> [Work required]: Word for word, restate the listing that follows and leave out the images.

> [Stored data]:
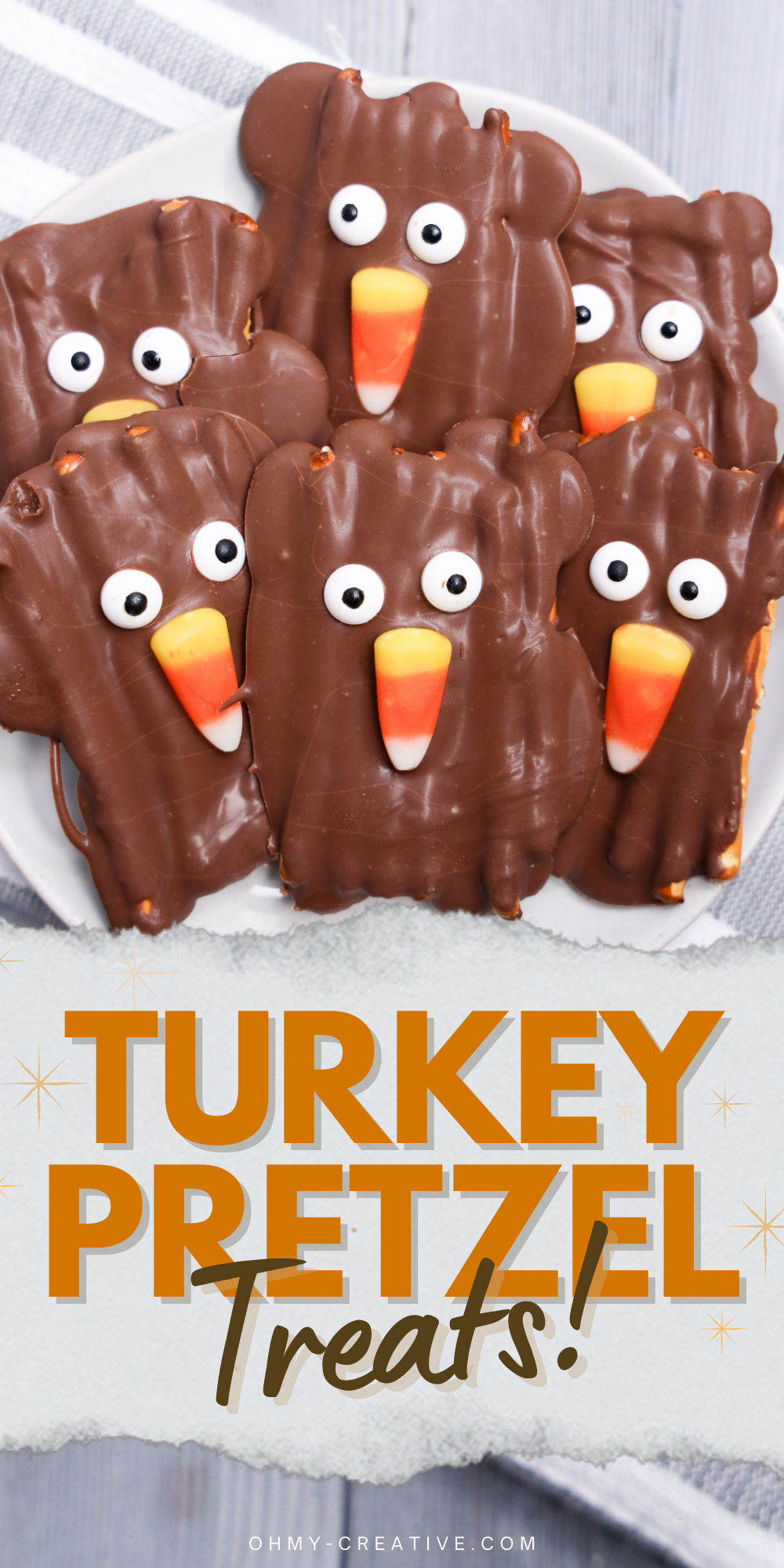 An image of Turkey Pretzel Treats to bring a smile to the holiday table!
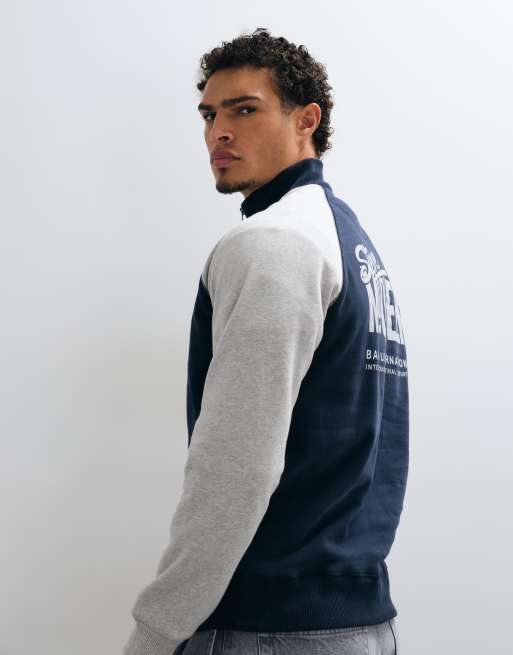 Barbour International x Steve McQueen Kenny half zip ragland sweatshirt in navy/grey, 5 of 5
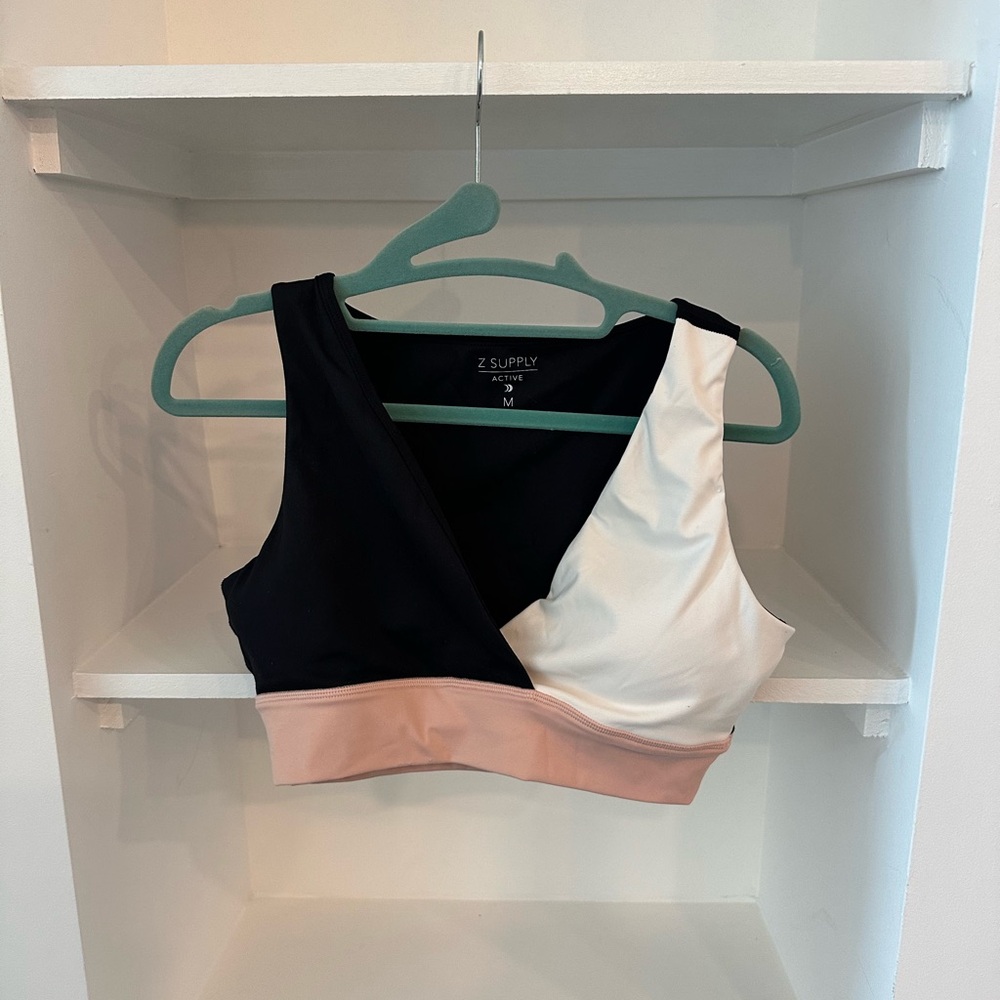Z Supply Black, Peach and Cream Longline Sports Bra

> [Task answer]:
 An image of Turkey Pretzel Treats to bring a smile to the holiday table!
 Barbour International x Steve McQueen Kenny half zip ragland sweatshirt in navy/grey, 5 of 5
Z Supply Black, Peach and Cream Longline Sports Bra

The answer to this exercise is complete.